NachrichtenRohstoffe & ForexDas Gold-Silber-Verhältnis bleibt auch heute ein relevanter Indikator – neben weiteren Silbernachrichten

Das Gold-Silber-Verhältnis bleibt auch heute ein relevanter Indikator – neben weiteren Silbernachrichten

Autor: SilverSeek·

Wichtige Erkenntnisse

  • Die Studie ergab, dass das Gold-Silber-Verhältnis weiterhin ein nützlicher technischer Indikator zur Prognose der Richtung des Silbermarkts ist, mit einem langfristigen Mittelwert von etwa 60:1.
  • Das Gold-Silber-Verhältnis liegt derzeit bei rund 67:1, und das Silver Institute erwartet weiterhin eine Rückkehr zum Mittelwert von etwa 60:1.
  • Historisch erreichte das Verhältnis 2011 einen Wert von 30:1, nachdem es in der Großen Rezession über 80:1 gelegen hatte, und stellte 2020 mit 123:1 einen Rekord auf, bevor es auf rund 60:1 zurückfiel.
  • Der Bericht führt das jüngst erhöhte Verhältnis auf die Goldnachfrage des offiziellen Sektors zurück, die den Goldpreis in die Höhe treibt.
  • Der Bericht des Silver Institute hob auch Fortschritte in der Silbertechnologie hervor, darunter Silber-Nanopartikel für sicherere Ethylen-Trennung, Nanosilber-Sensoren für die Medikamentendosierung am Krankenbett, Nanosilber-Fluorid zur fleckenfreien Kariesprävention und langlebigere Silber-basierte tragbare Sensoren.
Das Gold-Silber-Verhältnis bleibt auch heute ein relevanter Indikator – neben weiteren Silbernachrichten

Obwohl manche Analysten es als Relikt der Vergangenheit abtun, ergab eine aktuelle Studie, dass das Gold-Silber-Verhältnis weiterhin ein relevanter technischer Indikator ist und nach wie vor zur Prognose der Entwicklung des Silbermarkts genutzt werden kann.

Die Studie erschien in der neuesten Ausgabe des Silver-News-Berichts des Silver Institute, der auch über aktuelle Fortschritte in der Silbertechnologie und Entwicklungen auf dem Silbermarkt berichtete.
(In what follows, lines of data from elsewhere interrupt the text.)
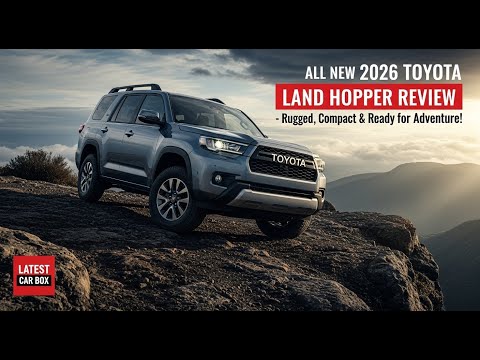 Thumbnail for ALL NEW 2026 Toyota Land Hopper Review – Rugged, Compact & Ready for Adventure | latest car box by Toyota Land Hopper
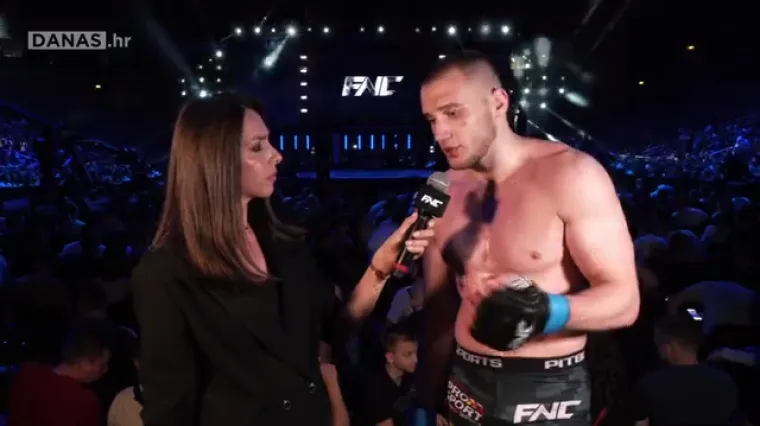 Marin Mikulić teško izborenom pobjedom otvorio FNC 11: 'Nisam  prezadovoljan, ali ne mogu lagati da mi ne prija'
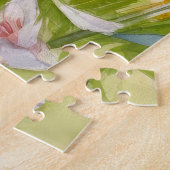 Japanse kin met paaseieren legpuzzel (Zijkant)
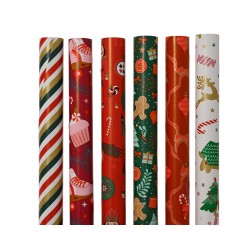 Papier cadeau candy 0.7X2M...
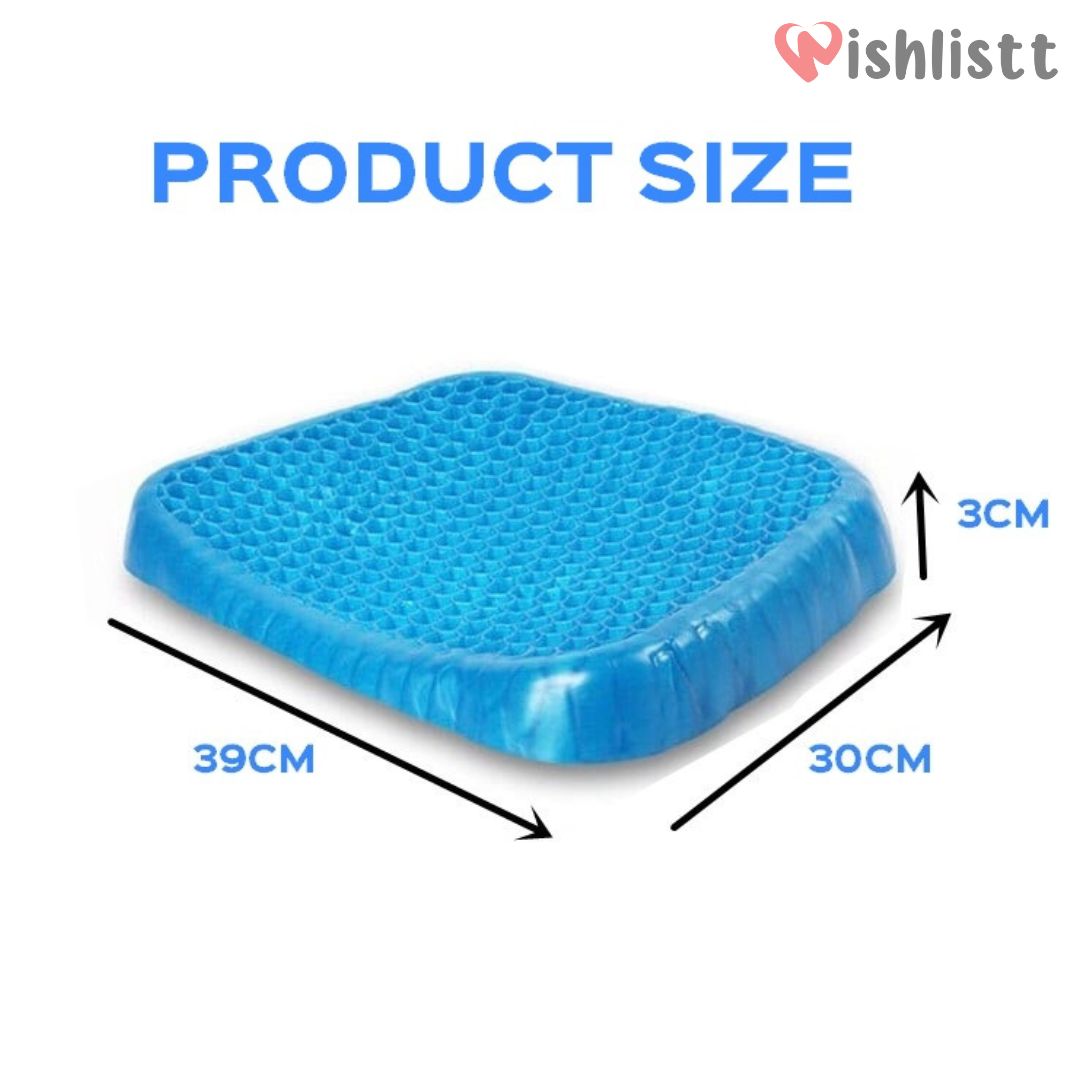 Orthopedic Gel Seat Cushion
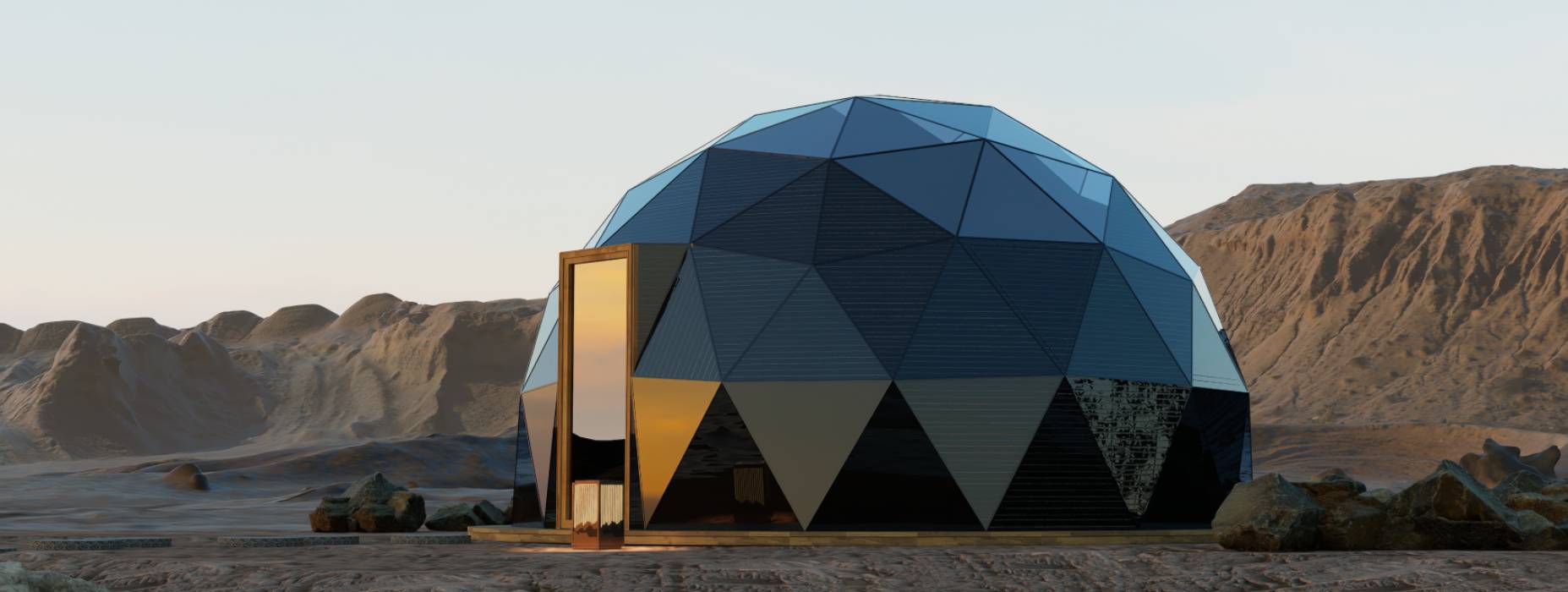 红山区星空酒店帐篷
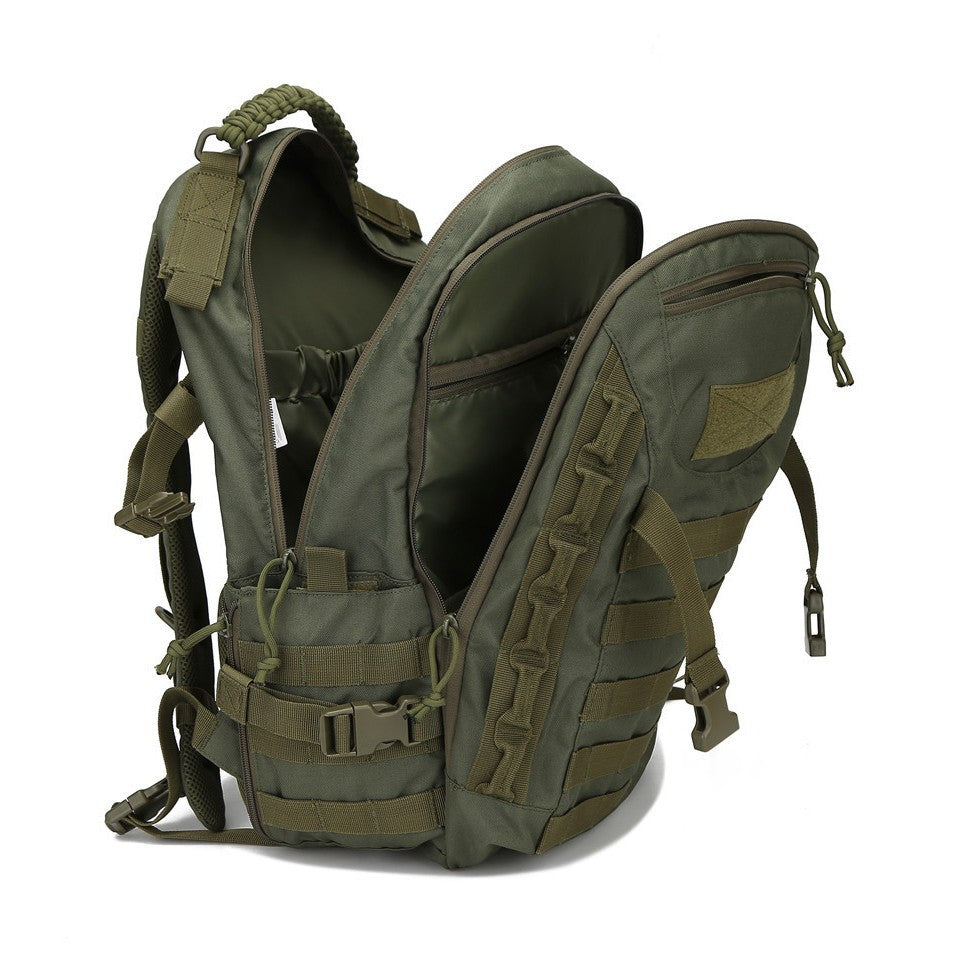 Skanto | 25L Taktischer Rucksack – Wasserdichter Rucksack mit MOLLE-System und Trinkfach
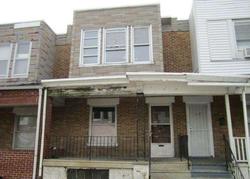 Pre-foreclosure in  S MILLICK ST Philadelphia, PA 19142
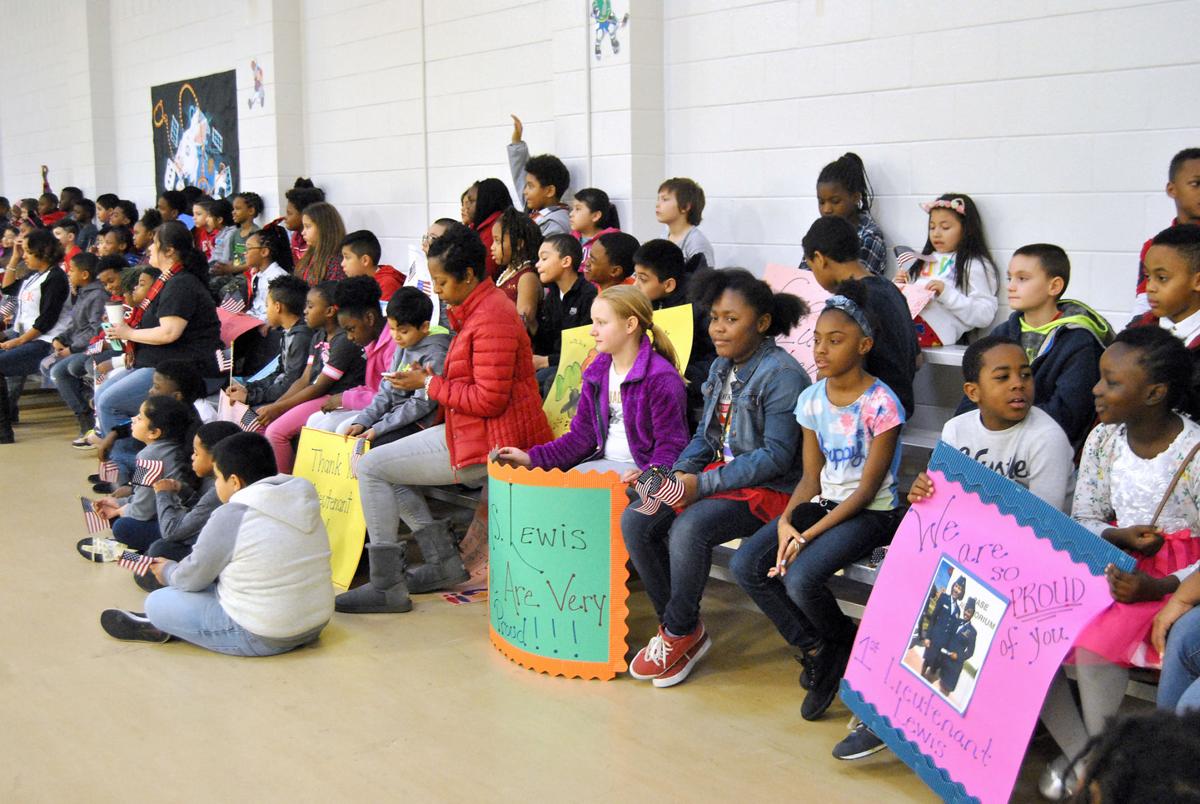 PHOTOS Stockbridge Elementary celebrates 1st Lt. Andrea Lewis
Das Gold-Silber-Verhältnis ist eines der ältesten Analysewerkzeuge im Bereich der Edelmetalle und reicht Jahrhunderte zurück, bis beide Metalle als Geld im Umlauf waren; es bleibt einer der meistbeobachteten Maßstäbe für den Vergleich des relativen Werts der beiden Metalle.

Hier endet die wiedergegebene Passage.